Lough finished first at last weekend’s Evansville Semistate, in a bracket that included four wrestlers ranked higher than he was. See was third last week, beating an opponent with 52 victories for the season in the third-place match after losing to one of the two 220-pounders who took unbeaten records into the championship match at that weight.
“I look for all four of those kids [at 220 pounds] from last week to win their first-round matches [today],” coach Dan Mikesell of Northview predicted.
Lough’s semistate championship means he’s wrestling a fourth-place semistate wrestler in today’s match, and if he wins would wrestle either a semistate runner-up (Isaac Steury, 36-2, of Leo) or a third-place finisher from last week (Connor Robinson, 36-8, of New Palestine).
Two victories would put Lough in the semifinals, possibly against second-ranked Kirk Johnson, 43-2, of Perry Meridian. The weight-class favorite, unbeaten Brian Harvey of Indianapolis Cathedral, is in the bottom bracket. Harvey was state runner-up last year and has handed Johnson both his losses.

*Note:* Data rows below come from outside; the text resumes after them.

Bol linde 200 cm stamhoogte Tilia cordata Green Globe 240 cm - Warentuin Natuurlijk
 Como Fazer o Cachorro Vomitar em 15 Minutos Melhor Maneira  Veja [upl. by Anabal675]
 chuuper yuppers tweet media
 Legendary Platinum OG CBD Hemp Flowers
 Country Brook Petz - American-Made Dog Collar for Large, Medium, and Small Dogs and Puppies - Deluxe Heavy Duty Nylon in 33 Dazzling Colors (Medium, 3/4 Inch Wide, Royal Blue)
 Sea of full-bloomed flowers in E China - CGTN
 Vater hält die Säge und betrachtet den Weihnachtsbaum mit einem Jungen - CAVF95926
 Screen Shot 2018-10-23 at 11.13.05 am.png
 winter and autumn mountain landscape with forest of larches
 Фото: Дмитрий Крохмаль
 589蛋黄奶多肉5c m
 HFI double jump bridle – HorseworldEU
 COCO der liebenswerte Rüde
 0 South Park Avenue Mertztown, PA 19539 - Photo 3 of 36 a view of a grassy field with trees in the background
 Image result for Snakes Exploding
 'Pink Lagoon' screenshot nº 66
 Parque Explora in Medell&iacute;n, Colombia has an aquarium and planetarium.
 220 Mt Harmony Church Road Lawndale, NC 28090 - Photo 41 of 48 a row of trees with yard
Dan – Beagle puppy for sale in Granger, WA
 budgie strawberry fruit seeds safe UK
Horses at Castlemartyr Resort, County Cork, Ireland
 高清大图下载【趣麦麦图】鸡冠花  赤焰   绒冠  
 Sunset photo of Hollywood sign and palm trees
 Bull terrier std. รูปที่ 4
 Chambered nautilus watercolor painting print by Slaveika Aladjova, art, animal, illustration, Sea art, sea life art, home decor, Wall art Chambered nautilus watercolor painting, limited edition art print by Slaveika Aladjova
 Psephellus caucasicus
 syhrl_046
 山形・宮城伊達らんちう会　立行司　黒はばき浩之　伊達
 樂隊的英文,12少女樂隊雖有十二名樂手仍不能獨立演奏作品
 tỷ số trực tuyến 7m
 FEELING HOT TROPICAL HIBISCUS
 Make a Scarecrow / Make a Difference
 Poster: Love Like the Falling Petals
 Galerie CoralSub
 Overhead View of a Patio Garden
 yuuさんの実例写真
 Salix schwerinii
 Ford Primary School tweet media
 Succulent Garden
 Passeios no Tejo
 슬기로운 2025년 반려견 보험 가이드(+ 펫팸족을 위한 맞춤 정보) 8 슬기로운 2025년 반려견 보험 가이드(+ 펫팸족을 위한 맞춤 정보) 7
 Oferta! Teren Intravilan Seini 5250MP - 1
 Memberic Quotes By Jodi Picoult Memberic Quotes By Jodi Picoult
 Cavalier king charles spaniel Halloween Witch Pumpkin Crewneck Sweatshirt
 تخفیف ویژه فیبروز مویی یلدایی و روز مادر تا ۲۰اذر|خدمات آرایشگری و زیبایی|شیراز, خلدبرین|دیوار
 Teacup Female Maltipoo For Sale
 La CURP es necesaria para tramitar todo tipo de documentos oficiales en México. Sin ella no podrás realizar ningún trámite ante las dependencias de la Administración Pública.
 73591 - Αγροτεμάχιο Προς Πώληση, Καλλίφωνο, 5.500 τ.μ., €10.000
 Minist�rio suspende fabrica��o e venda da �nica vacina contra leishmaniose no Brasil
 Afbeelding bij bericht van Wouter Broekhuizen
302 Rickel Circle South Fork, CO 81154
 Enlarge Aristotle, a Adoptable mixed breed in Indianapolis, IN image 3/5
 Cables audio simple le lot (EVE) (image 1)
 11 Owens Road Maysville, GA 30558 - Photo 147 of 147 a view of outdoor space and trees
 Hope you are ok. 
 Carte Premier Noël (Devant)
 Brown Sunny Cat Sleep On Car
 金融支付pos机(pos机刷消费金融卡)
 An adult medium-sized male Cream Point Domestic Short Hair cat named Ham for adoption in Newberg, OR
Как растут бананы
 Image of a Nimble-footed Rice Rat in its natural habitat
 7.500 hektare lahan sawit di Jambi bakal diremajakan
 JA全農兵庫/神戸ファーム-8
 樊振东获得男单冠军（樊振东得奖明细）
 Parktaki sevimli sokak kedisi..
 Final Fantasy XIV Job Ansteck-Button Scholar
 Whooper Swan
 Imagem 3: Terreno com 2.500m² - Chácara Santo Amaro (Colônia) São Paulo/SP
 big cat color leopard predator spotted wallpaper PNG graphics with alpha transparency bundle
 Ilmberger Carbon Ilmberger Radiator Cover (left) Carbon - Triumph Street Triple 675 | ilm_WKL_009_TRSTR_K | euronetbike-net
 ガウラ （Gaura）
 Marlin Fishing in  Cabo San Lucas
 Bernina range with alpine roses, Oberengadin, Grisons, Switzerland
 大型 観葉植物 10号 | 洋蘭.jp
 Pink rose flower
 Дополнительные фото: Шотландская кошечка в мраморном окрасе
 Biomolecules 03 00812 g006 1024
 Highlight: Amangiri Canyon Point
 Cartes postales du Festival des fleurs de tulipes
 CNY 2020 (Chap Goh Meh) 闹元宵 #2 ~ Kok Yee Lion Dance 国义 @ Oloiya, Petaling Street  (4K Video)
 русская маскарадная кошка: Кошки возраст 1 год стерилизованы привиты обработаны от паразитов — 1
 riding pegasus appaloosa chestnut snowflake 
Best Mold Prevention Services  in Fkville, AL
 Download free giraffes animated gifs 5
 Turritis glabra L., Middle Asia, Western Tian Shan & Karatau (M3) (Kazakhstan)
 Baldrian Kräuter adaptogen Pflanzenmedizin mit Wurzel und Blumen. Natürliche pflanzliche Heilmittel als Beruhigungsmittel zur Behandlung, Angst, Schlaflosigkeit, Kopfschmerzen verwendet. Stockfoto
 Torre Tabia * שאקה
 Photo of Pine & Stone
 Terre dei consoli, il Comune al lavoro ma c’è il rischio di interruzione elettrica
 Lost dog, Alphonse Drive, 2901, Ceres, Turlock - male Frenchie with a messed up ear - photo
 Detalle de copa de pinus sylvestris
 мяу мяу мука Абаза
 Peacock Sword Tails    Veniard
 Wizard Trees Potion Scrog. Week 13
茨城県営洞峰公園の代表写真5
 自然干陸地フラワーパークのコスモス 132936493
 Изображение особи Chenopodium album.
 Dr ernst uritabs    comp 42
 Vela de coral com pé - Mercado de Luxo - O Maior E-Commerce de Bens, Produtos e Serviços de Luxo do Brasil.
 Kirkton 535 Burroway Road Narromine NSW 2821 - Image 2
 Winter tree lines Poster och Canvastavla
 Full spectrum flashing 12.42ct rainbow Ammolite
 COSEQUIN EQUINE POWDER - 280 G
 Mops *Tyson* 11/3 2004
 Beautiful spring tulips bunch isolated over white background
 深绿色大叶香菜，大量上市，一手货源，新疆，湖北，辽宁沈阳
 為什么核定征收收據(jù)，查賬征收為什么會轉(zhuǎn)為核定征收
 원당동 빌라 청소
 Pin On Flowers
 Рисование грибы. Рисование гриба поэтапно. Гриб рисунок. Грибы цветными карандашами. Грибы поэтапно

“It’s one match at a time,” pointed out coach Gabe Cook of South. “We’re going to focus on how Tsali wrestles best and try to simulate some different styles [in practice] in expectation of anybody he might face.”
P.J. Montgomery, South’s state runner-up a year ago, has been Lough’s practice partner.
“It’s really wide open,” Cook predicted, “and with Tsali you don’t have to worry about him being pumped, about him working hard in the room and about his effort. He’s got an opportunity.”
“I just want to beat everybody,” Lough said, “and prove to everybody that the rankings are wrong. That’s why I come up here [to the wrestling room] to practice every day.”
See, who has practiced this week against a smaller opponent in teammate Jesse Miller (Northview’s 195-pounder) and a bigger one in teammate Justin Sampson (the Knights’ 285-pounder), will be sorry to see his Northview career end.
“I’m real sad about that,” he said. “I’m going to miss our program and all our coaches, and I’m going to miss being the big guy on campus … but I plan to come back to help [coach] next year if I can, because I think Jesse and Justin will be going to state then.”
If See is a winner tonight, he’ll probably see unbeaten Seth Biberstine of Southern Wells in his first match Saturday. But the Knights aren’t looking ahead.
“I’ve never seen [Gearlds],” See said, “but I hear he does a lot of upper-body [wrestling]. That helps me, because I like getting on [my opponent’s] legs … I’ll just wrestle my game and not let him get in on me — wait for a mistake and capitalize.”
“[This weekend] caps off his career,” Mikesell said. “He set our school record for pins in a season [26 and counting this year, after 24 during his junior season] and pins in a career [80 so far].
“[Tonight] he’s got to control the [tie-ups] and take control of the match,” the coach continued, “but if he wrestles like he did at the semistate, he’ll be in good shape.”
• Time: First matches (106 pounds) at 6 p.m. today. Second-round matches begin 9:30 a.m. Saturday, followed immediately by third round. Consolation matches at 5 p.m. Saturday, championship matches at 7:30.
• Place: Bankers Life Fieldhouse
• Broadcast: www.broadcastsport.net will stream live video both today and Saturday; www.ihsaatv.org will broadcast the championship matches at 7:30 p.m. Saturday.